It’s an overall review and update of certain policies related to Canadian broadcasters. But the one that caught my eye reads “eliminate the daily Canadian content requirement for over-the-air television stations.”
Later in the document, it elaborates.
“In Broadcasting Regulatory Policy 2015-86, the Commission determined that it would maintain the Canadian exhibition requirements for over-the-air television stations only in the evening period. Accordingly, consistent with this policy determination, the Commission proposes to eliminate section 4(6) of the Television Broadcasting Regulations, 1987,which requires licensees to devote at least 55% of the broadcast year to Canadian programs.”

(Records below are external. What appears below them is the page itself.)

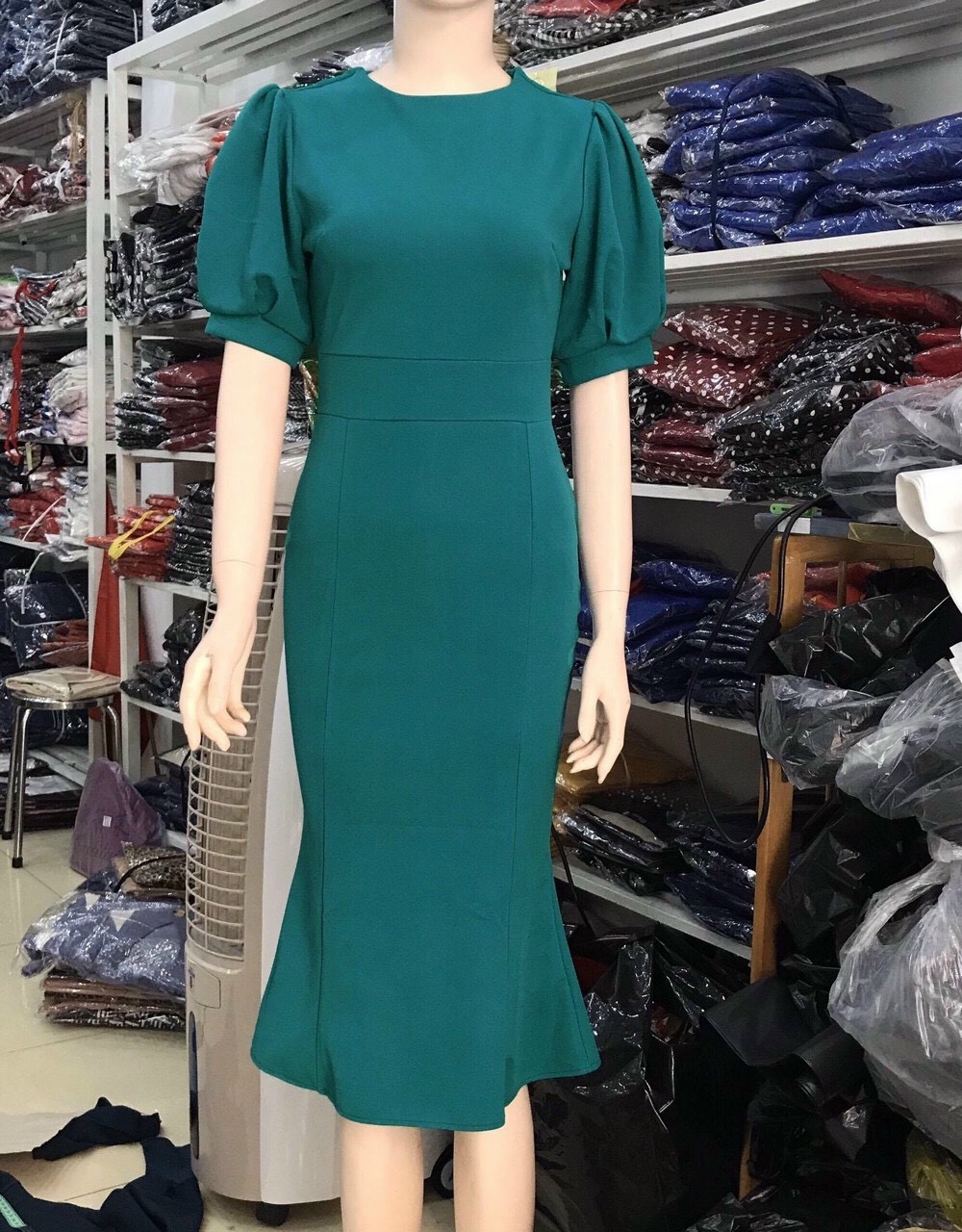 Đầm Ôm Đuôi Cá Tay Phồng - M - Xanh rêu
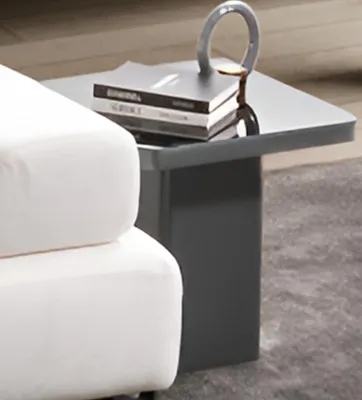 Immagine prodotto di Elegante tavolino da salotto in vetro Elegante superficie in vetro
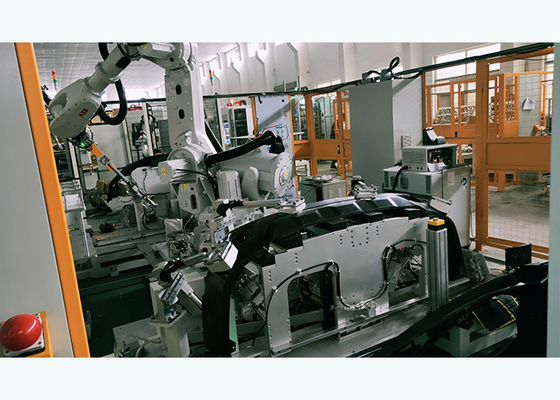 Flexibler Roboter-lochendes und Ultraschallschweißgerät für Auto-Plastikstoßdämpfer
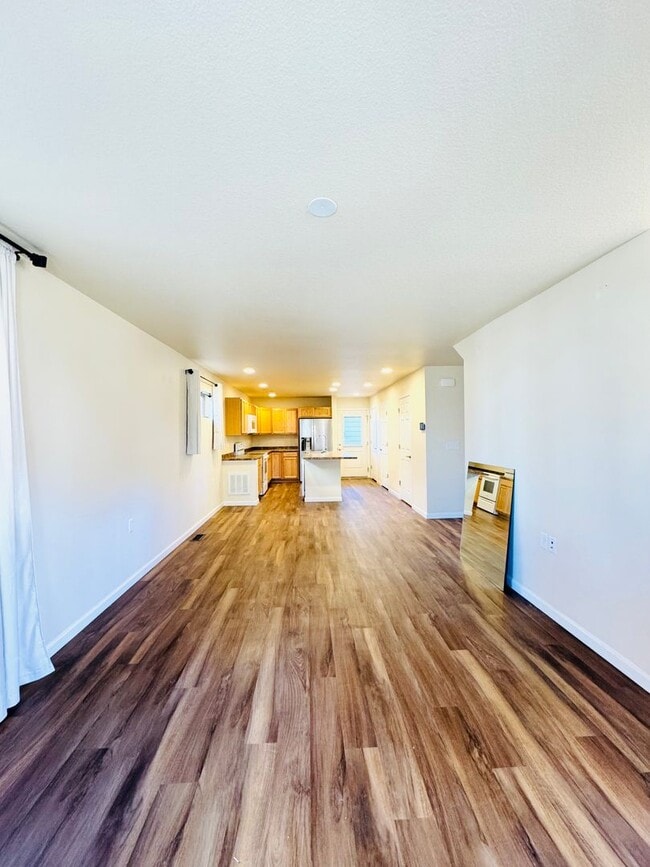 Building Photo - Charming 2 Bed, 2.5 Bath house located off of 119 and 287. Across from Longmont Rec Center and St...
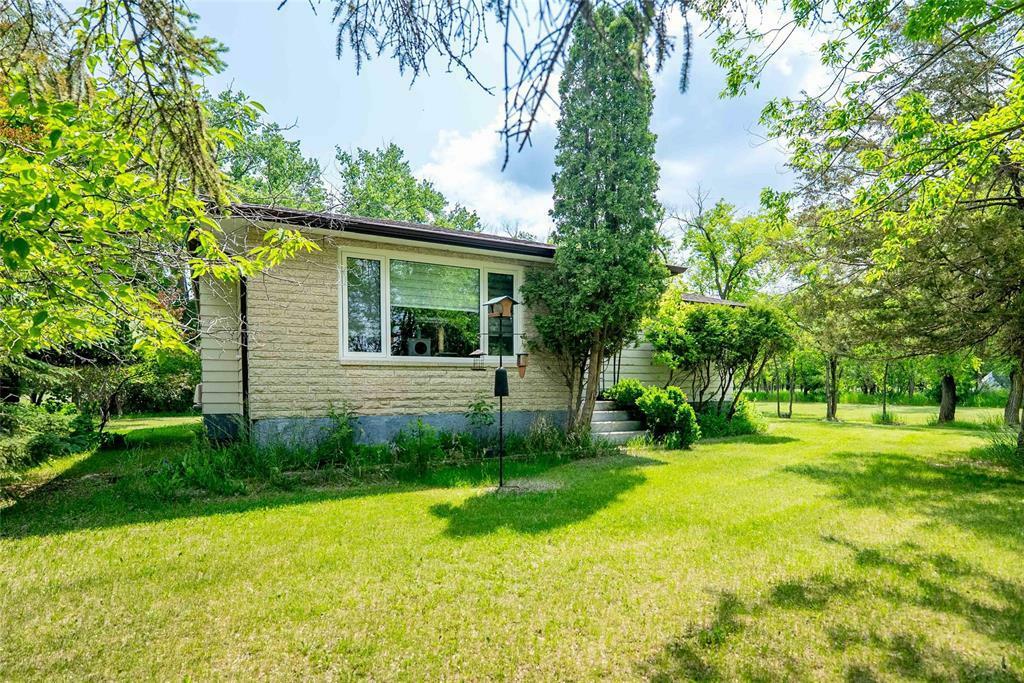 209 Symington Road  Winnipeg MB R2C 5J8 photo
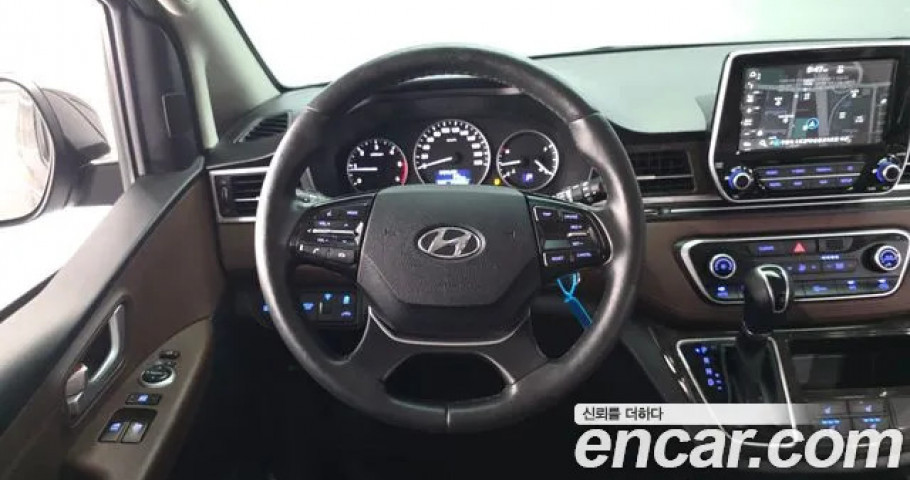 Hyundai Starex 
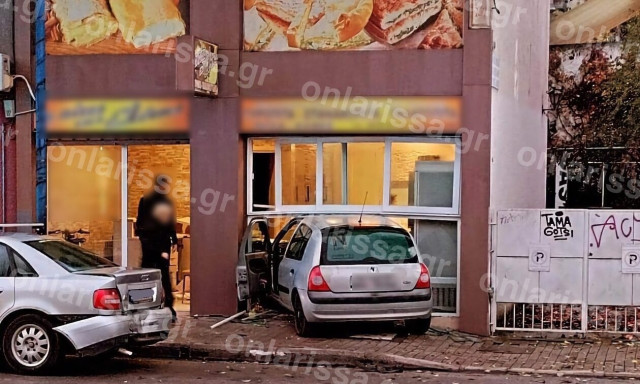 Λάρισα: «Μπούκαρε» με το αυτοκίνητο σε τυροπιτάδικο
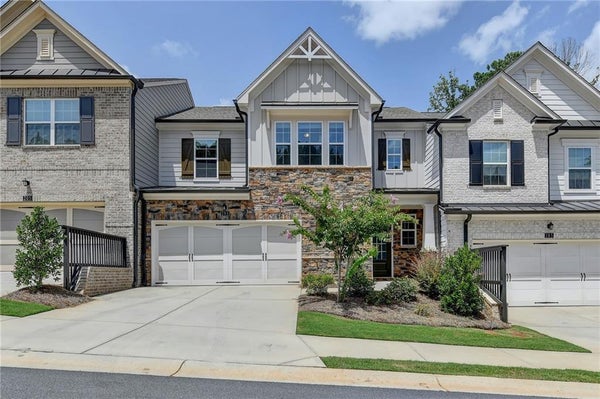 195 WHISPERING WOODS CT, DULUTH, GA 30097 - Image 110ea4e1d0b40f7cb254eb14ad7db679/2224899235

So does this mean that the CRTC is saying Canadian TV stations will no longer have to air any Can Con if they don't want to? Or does it only apply to the daytime broadcast day? If the former, how could the regulatory body responsible for promoting Canadian content – indeed, mandating it on both radio and TV – eliminate the very thing it was supposedly created to help promote?
Not that I watch a lot of content specifically created for Canadian TV. But if my initial interpretation is right, then the Rogers and Bells must be salivating at the idea they’ll no longer need to spend money on making or showing programs made for Canadians.
I can't be reading this right. Or am I? How do you interpret this? And what, if anything, might it mean for the industry?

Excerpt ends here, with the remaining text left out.